_RECORDS SHOWN_:

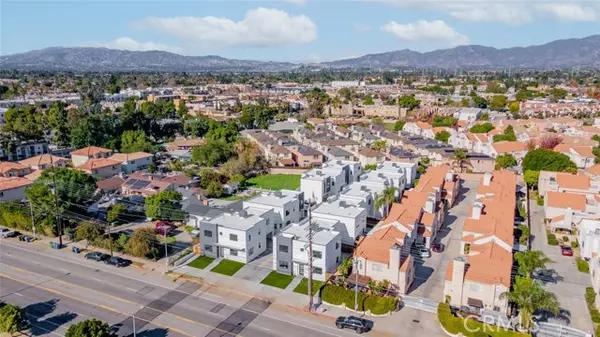 Panorama City, CA 91402,14415 W Nordhoff Street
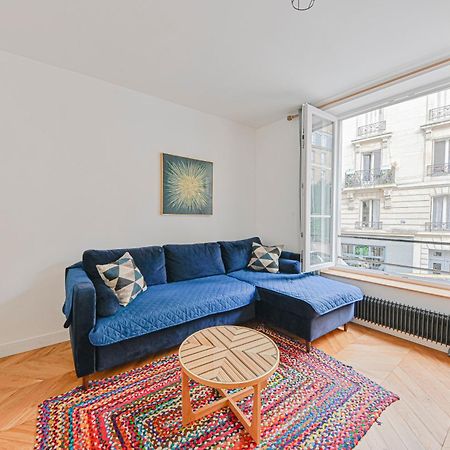 Pantheon Apartman Párizs Kültér fotó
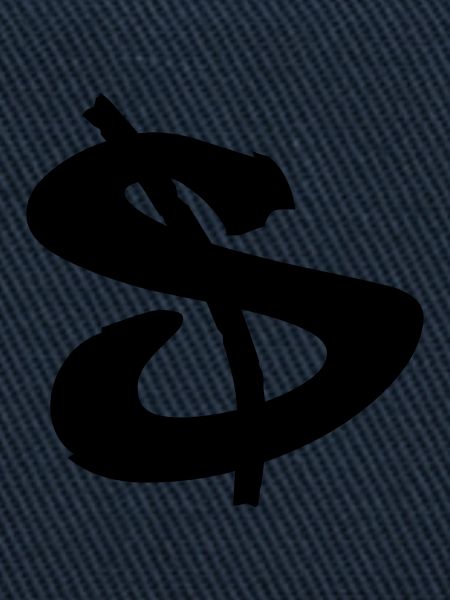dollar sign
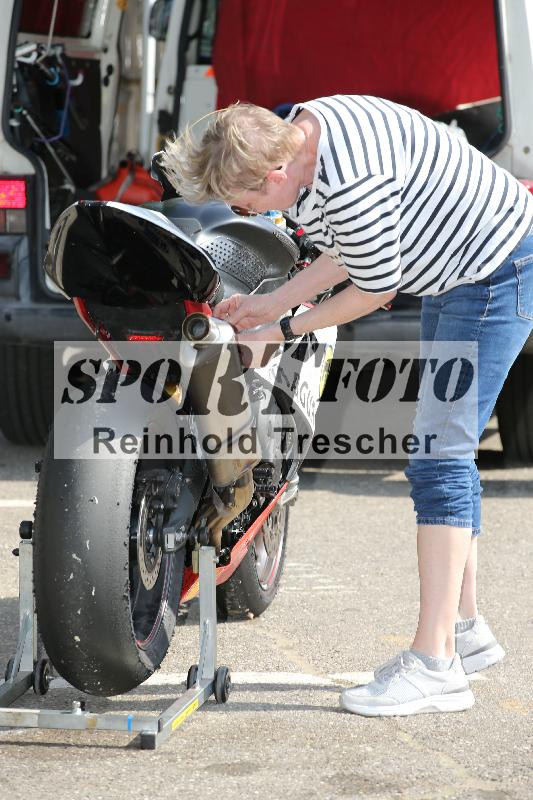 /Archiv-2023/24 23.05.2023 Speer Racing ADR/Impressionen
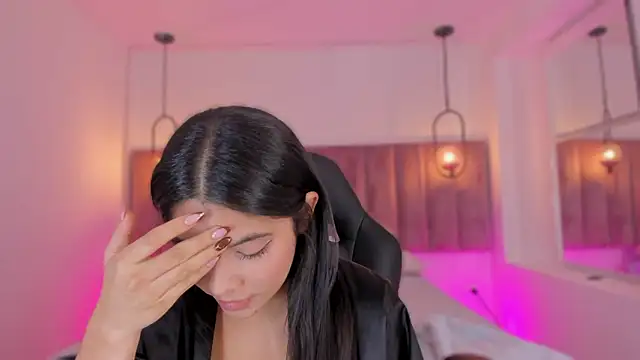 Haily_b's cam snapshot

_TASK ITEM_: From the line containing "Pantheon Apartman Párizs Kültér fotó" through the last line of the records above, reproduce every line exactly, leaving out the pictures.

_RESPONSE AREA_:
 Pantheon Apartman Párizs Kültér fotó
dollar sign
 /Archiv-2023/24 23.05.2023 Speer Racing ADR/Impressionen
 Haily_b's cam snapshot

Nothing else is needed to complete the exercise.